Chapter 6
Proprietary Funds
Internal Service and Enterprise Funds
Proprietary-type funds are used when a governmental unit is involved in activities that are similar to those conducted by a business. Internal Service funds and Enterprise funds are both proprietary-type funds.
A. Internal Service fund - provides goods or services to other gov’t
depts or units
Users should be charged on a cost-reimbursed basis (capital
maintenance focus)
Each activity (supplies, data-processing, motor pool) should
have its own fund
· Summary of fund activities
Motor pool - acquires capital from General fund
Buys trucks and other assets
As vehicles are used, bill them out
Revenue used to pay costs and replace assets
· Control of fund activities
Usually does not record budget in accts, nor use
encumbrance acct.
Economic resources measurement (capital maintenance)
focus results in including fixed assets on balance sheet and
depreciation of fixed assets
Full accrual accounting means revenues are recorded when
earned and expenses when incurred
· Equity transfer to fund
Cash 750,000
Transfer In-Capital Contribution 700,000
Advance from Airport Fund 50,000
(To record equity transfer from General Fund and a long-
term loan from the Airport Fund.)
The advance from the airport fund is to be used for capital
acquisitions, and is to be paid off equally over two years.
All equity transfers to proprietary funds made for the
purpose of providing start-up capital are classified as
Transfer In-Capital Contributions and must be reported in
the Statement of Revenues, Expenses and Changes in Fund
Net Assets, as shown in income statement in Il 6-4.
Normal, recurring Transfers In (Out) are to be shown on
the Statement of Revenue, Expenses and Changes in Fund Net Assets right below Capital Contributions.
· Investment of excess funds
Investments 75,000
Cash 75,000
(To record investment of excess cash.)
· Purchase of needed assets (autos, etc)
Automobile 200,000
Trucks 100,000
Cash 300,000
(To record the purchase of autos and trucks.)
· Billings of other gov’t depts and units for use of vehicles, and
receipt of cash from the other gov’t units
Due from Departments 62,000
Revenue-Vehicle Charges 62,000
(To record charges to department for vehicle use.)
Cash 60,000
Revenue-Vehicle Charges 4,000
Due from Departments 56,000
(To record receipt of cash for rentals.)
· Recording of maintenance expense, salary expense, rent expense,
and depreciation of fixed assets
Gas & Oil Expense 7,000
Maintenance Expense 5,000
Cash 9,000
Accounts payable 3,000
(To record gas and maintenance expense for the period.)
Salaries Expense 6,000
Rent Expense 1,500
Cash 7,500
(To record salary and rent expense.)
Depr.

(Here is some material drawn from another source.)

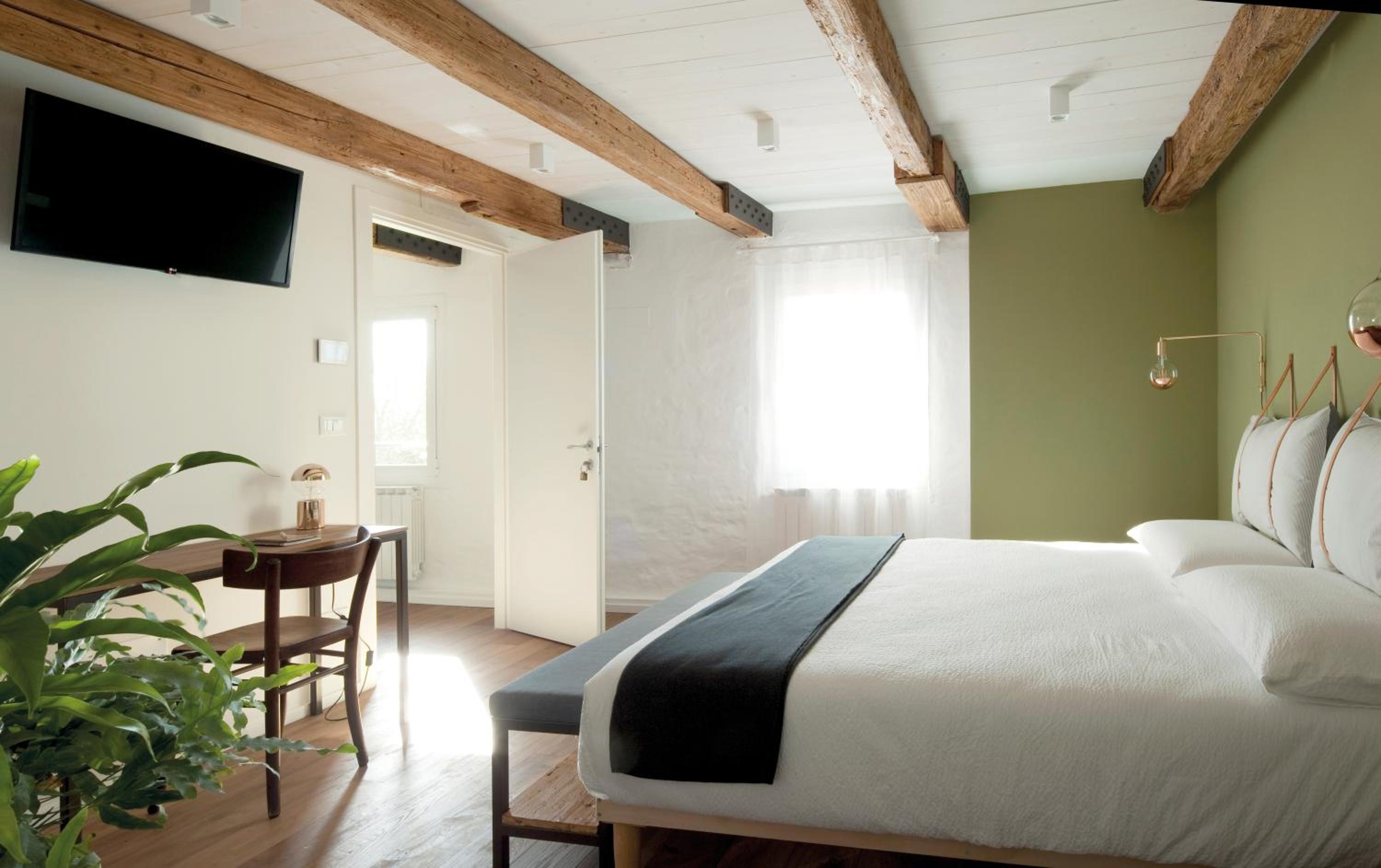 Double Room with Private Bathroom photo 3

Expense-Autos & Trucks 30,000
Accum Depr – Autos & Trucks 30,000
(To record depreciation on autos and trucks.)
· Make payment on Advance and make entries for Investment acct.
Advance from Airport Fund 25,000
Interest Expense 1,500
Cash 26,500
(To pay half of advance from Airport Fund plus interest .)
Cash 1,700
Investment Revenue 1,700
(To record investment income paid during the year.)
Accrued Interest Receivable 200
Investment Revenue 200
(To accrue investment income earned but not paid yet.)
Investment Revenue-Decrease in FV 3,000
Investments 3,000
(To adjust investments to fair value at end of year.)
· Closing entry to write off revenues and expenses to Net Assets
Revenue-Vehicle Charges 66,000
Transfer In-Capital Contr. 700,000
Investment Revenue 1,900
Gasoline & Oil Expense 7,000
Maintenance Expense 5,000
Salaries Expense 6,000
Rent Expense 1,500
Depreciation Expense 30,000
Interest Expense 1,500
Investment Revenue-Decrease in FV 3,000
Net Position-Unrestricted 713,900
(To close revenue and expense for the period.)
On the balance sheet you are to break the Net Position
section up between three categories: unrestricted, restricted
and invested in capital assets net of related debt. We will
make those adjustments using journal entries.
Net Position-Unrestricted 245,000
Net Position-Invested in Capital Assets
Net of Related Debt 245,000
(To adjust for Net Position Invested in Capital Assets tems.)
To calculate Net Position-Invested in Capital Assets Net of
Related Debt, take the $300,000 invested in capital assets,
less their depreciation for the year of $30,000, less the
related debt outstanding for capital assets at the end of the
year, $25,000. Net Position-Unrestricted would get the
remaining balance.
There are no restricted assets (normally there are none for
internal service funds). If there had been you would have
taken them from Net Position-Unrestricted and transferred
them to Net Position-Restricted.
· Financial statements
Statement of Net Position—Proprietary Funds (Ill. 6-3 for
Internal Service Fund)
The Statement of Net Position is to have a classified
balance sheet, with assets and liabilities broken up
into current and long-term categories. Net Position
has three categories: Investment in capital assets net
of related debt, restricted, and unrestricted net assets.
Statement of Revenue, Expenses, and Changes in Fund Net
Position—Proprietary Funds (Ill. 6-4)
This financial statement is to have separate captions
for 1) operating revenue, 2) operating expenses, 3)
non-operating revenue and expenses, 4) net income
(loss) before contributions and transfers, and 5)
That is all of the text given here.